**MATERIAL SUPPLIED**
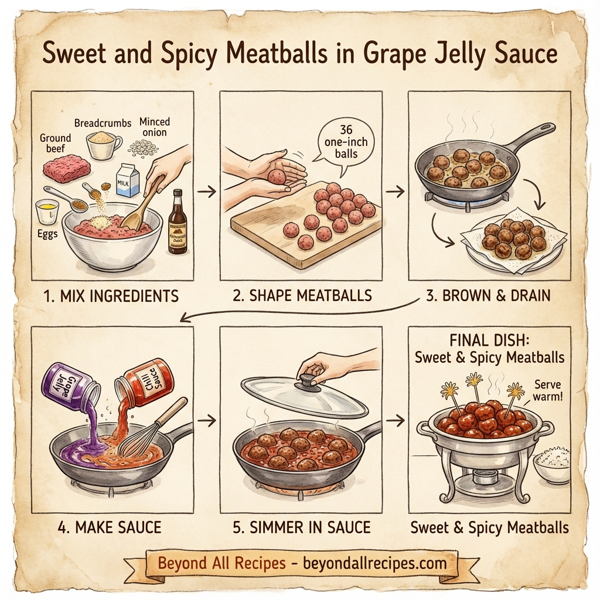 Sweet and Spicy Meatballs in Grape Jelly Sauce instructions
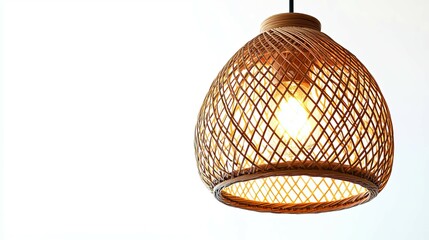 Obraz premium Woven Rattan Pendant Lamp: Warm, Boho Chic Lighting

---

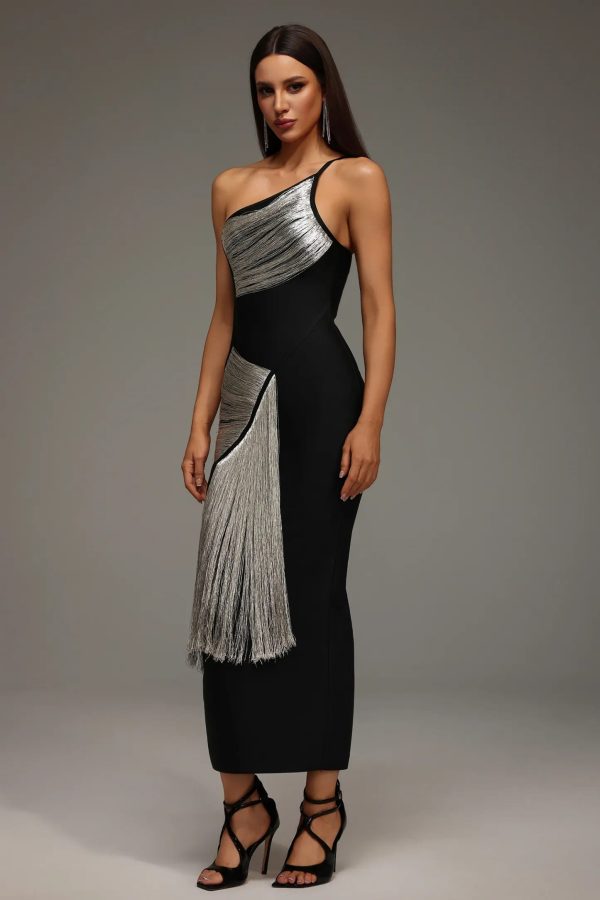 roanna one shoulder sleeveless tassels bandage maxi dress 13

**WORK TO BE COMPLETED**
Everything from the line with "Sweet and Spicy" down to the line with "Obraz premium Woven" in the data above should be copied exactly, with both end lines kept and the pictures left out.

**RESPONSE BELOW**
 Sweet and Spicy Meatballs in Grape Jelly Sauce instructions
 Obraz premium Woven Rattan Pendant Lamp: Warm, Boho Chic Lighting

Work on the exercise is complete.